You could see them if you craned your neck in one of the bedrooms, but you got the best view if you stood on the toilet in the little bathroom at the end of the hallway. From this vantage point you could see every nervous dart of the head, every self-consciously indifferent adjustment of the testicles, every letter of the word they were trying so hard to spell – bless them.

I was living with my brother at the time, and on a weekend once, we stood with one foot on the toilet lid each and watched as a little group of twelve year olds, their trousers round their knees, stopped to leave their aerosol contribution to the beautification of the concrete drain – the word “dick”.
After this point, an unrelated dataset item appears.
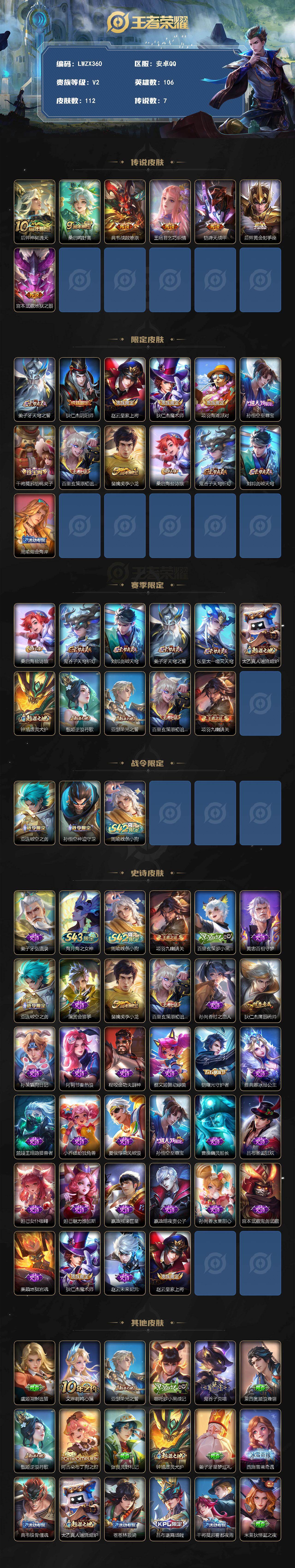WZLE4447510王者荣耀账号详情图2 WZLE4447510王者荣耀账号详情图2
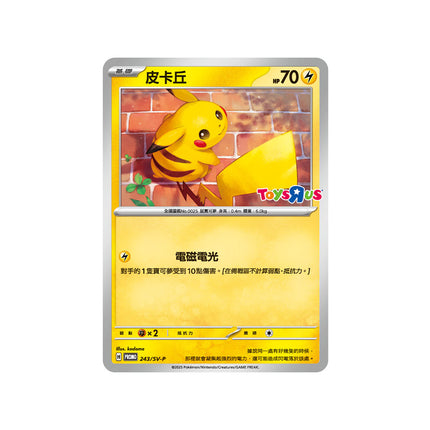 Traditional Chinese Toys R Us Pokemon Promo Card Pikachu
I’m not a huge fan of the fight-fire-with-fire approach, but in this instance I could see its merits. I decided that the best way to combat their childishness was with childishness, so I cupped my hands over my mouth and yelled out the window “THIS IS THE POLICE! PUT YOUR HANDS IN THE AIR!”

The can hit the ground before I’d finished the first sentence. They bolted – two left, one right.

I yelled: “THEY’RE RUNNING! OPEN FIRE!”

I have never heard a louder explosion of flatus in my life – the acoustics of the drain turned out to be perfectly suited to turning a fart born of terror into a kind of once-in-a-lifetime musical event.

About six months later, I thought I’d try out the police routine again. This time a lone spraypainter had set up shop and was proving himself to be a damn fine depicter of the human vulva.

“THIS IS THE POLICE!” I bellowed.

His head moved slightly. He could have been turning to spit. It was not the reaction I’d been expecting.

“PUT YOUR HANDS IN THE AIR!”

With his back still turned and his spraycan finishing a labia, he lifted his other hand and gave me the bird. I shat myself, ducked and spent the next twenty minutes squatting on top of a closed toilet, whimpering a little bit.

At my current home, I’m on the first floor of a little apartment block which sits next to an expansive vacant block. It’s owned by people my wife and I have come to know as The Grape Men. Every March they drive their semi-trailer down to the Barossa Valley and return with what I can only assume is cast-off – shitloads of it.

Then they spend the next three months… what would you call it? – tending to these picked grapes. Once every three or four weeks they sell a bunch or two. For the rest of the time they use up ten to twelve hours a day, every day, just… I suppose… being near the grapes. It’s sort of like a vigil, except with a monumentally large amount of swearing, bickering, starting and stopping of engines, shifting of polystyrene boxes and thrashing of corrugated iron.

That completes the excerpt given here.